*** Opening of DATA PROVIDED ***

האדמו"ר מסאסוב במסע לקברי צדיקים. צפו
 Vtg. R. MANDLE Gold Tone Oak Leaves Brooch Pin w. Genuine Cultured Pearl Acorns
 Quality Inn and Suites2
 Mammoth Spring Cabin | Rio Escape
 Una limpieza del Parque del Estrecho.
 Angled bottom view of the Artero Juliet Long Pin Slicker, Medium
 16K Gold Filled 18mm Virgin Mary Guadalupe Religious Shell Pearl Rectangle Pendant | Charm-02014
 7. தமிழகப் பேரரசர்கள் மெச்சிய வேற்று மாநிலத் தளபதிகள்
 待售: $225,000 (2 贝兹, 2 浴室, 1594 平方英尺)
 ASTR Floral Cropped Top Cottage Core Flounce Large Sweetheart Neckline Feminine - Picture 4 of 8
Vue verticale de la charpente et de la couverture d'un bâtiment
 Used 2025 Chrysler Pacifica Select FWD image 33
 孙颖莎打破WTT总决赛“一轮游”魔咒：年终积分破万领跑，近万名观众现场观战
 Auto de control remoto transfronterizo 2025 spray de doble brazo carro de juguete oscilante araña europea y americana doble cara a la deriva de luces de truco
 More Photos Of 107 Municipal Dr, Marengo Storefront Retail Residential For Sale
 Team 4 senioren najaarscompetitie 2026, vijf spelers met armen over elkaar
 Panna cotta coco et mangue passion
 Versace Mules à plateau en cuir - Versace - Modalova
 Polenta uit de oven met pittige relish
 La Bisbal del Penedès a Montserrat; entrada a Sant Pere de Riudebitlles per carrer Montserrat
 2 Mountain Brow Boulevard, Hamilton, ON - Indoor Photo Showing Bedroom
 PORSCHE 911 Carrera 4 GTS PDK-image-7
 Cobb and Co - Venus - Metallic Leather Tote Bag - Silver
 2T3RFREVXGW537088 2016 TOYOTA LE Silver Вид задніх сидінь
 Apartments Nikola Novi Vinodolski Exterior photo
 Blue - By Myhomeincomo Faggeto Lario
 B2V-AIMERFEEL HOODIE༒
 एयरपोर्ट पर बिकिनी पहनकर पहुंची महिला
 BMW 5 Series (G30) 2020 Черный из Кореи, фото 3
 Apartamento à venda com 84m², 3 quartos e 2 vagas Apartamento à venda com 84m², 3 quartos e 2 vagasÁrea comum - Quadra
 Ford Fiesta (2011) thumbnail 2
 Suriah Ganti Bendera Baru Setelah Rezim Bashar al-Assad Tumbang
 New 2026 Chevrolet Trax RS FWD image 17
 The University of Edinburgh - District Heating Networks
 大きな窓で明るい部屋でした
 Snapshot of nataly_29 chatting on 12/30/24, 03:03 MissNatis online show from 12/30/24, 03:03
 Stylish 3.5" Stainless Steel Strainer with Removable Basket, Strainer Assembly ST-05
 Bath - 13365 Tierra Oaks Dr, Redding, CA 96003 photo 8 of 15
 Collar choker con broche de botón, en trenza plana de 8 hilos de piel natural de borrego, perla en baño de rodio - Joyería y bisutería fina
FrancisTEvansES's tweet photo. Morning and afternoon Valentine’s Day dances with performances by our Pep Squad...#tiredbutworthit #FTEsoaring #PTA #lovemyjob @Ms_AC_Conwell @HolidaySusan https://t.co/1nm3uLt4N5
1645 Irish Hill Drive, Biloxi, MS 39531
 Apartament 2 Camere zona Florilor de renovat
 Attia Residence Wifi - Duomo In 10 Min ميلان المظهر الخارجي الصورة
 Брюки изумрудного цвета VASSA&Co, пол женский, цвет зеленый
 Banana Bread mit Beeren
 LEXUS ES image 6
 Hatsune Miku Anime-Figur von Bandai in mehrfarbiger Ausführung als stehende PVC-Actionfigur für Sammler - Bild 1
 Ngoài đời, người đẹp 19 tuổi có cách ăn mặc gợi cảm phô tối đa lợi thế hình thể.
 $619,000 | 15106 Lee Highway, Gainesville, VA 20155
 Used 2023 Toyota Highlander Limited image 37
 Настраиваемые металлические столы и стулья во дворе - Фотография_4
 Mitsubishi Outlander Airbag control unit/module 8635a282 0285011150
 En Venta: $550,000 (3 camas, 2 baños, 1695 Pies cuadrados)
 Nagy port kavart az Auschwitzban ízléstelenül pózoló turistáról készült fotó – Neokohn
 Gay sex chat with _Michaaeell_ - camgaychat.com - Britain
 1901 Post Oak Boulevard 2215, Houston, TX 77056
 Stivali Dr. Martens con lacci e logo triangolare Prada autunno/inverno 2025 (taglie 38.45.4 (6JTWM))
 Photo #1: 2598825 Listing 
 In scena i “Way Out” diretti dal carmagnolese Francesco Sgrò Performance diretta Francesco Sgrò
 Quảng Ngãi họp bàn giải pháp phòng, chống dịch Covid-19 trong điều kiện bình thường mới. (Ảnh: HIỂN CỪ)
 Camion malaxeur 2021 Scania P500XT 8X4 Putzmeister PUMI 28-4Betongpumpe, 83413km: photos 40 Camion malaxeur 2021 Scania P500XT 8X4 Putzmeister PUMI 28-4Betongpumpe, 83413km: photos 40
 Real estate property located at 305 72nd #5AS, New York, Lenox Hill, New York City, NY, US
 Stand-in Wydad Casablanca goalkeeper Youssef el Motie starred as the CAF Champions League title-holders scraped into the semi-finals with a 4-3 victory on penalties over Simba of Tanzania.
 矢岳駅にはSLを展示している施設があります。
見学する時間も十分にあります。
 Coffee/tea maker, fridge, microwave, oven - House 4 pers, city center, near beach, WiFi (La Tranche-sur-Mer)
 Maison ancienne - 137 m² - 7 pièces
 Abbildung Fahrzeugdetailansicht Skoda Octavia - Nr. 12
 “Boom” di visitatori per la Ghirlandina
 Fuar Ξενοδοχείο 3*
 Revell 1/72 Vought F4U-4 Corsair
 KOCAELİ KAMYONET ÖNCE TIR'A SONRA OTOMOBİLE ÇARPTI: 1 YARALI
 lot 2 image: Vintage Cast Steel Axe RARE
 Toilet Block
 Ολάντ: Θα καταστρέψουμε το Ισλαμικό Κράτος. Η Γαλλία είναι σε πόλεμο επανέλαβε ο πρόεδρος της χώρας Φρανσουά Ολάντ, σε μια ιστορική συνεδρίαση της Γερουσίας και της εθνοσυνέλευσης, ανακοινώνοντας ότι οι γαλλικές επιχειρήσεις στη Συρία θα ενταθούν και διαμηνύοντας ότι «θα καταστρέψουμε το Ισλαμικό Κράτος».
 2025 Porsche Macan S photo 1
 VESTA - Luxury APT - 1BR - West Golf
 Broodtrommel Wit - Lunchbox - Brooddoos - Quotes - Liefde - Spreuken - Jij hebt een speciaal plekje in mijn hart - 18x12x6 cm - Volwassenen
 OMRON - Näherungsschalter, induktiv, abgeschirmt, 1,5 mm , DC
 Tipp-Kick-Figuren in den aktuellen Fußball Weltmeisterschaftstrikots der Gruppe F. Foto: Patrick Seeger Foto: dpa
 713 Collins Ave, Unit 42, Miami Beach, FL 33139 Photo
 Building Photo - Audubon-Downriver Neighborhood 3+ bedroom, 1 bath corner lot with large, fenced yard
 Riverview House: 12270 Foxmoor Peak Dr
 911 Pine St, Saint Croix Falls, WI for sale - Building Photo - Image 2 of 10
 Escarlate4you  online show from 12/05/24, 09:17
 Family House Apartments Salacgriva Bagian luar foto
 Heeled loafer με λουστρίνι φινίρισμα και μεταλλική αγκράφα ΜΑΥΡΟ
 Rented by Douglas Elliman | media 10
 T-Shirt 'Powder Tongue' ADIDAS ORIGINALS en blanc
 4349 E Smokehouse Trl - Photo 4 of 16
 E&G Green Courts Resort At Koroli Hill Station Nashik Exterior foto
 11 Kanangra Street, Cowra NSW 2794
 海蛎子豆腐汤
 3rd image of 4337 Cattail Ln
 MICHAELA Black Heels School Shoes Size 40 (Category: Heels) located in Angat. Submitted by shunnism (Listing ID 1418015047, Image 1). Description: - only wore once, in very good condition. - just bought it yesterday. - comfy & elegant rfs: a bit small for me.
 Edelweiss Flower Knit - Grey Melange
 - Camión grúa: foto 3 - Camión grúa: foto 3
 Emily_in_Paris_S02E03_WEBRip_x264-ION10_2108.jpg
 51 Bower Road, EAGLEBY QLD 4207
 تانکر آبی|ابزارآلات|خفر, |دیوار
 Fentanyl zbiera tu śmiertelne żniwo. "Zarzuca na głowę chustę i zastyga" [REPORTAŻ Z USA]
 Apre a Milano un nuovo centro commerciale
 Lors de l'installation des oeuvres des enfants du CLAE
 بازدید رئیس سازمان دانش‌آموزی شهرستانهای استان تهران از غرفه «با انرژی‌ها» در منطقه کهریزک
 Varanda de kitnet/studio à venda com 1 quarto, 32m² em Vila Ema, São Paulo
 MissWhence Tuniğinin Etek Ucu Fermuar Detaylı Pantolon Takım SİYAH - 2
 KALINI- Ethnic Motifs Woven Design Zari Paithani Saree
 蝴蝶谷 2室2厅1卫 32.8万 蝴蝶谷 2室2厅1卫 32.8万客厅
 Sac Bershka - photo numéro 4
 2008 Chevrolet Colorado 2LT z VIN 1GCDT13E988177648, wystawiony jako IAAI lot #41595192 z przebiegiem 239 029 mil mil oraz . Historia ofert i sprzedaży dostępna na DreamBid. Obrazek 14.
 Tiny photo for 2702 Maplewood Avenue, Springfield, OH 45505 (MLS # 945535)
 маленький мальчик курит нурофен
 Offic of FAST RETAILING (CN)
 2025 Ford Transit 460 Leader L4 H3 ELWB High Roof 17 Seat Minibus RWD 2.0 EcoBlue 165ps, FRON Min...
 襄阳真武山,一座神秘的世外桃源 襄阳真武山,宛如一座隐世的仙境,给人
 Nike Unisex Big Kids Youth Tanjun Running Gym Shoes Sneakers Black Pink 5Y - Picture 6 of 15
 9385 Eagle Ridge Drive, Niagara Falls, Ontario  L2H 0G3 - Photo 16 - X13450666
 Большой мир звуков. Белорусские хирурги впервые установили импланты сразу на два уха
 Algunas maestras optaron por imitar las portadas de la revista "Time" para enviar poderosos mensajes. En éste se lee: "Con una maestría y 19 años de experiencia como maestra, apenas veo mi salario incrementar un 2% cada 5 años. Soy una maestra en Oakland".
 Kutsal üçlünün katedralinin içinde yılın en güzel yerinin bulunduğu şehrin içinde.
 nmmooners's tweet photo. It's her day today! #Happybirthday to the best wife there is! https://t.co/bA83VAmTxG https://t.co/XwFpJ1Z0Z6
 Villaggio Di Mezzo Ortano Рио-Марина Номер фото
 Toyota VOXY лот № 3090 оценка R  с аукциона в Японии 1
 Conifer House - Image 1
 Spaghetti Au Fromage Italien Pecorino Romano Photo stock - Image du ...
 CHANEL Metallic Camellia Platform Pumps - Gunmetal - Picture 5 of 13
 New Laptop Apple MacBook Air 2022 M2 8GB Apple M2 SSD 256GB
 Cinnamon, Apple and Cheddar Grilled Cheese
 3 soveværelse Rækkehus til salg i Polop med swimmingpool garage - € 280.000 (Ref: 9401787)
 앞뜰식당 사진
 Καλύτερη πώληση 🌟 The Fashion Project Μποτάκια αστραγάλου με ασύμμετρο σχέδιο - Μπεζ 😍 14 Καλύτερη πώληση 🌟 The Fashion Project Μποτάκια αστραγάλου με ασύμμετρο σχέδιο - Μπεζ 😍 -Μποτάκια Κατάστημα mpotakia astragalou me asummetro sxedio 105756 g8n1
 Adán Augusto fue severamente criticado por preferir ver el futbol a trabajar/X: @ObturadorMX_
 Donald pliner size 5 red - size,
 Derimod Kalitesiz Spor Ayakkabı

*** Close of DATA PROVIDED ***

Reply with nothing but the number of lines in the entries above that hold the string "Black".

- _OUTPUT BELOW_
2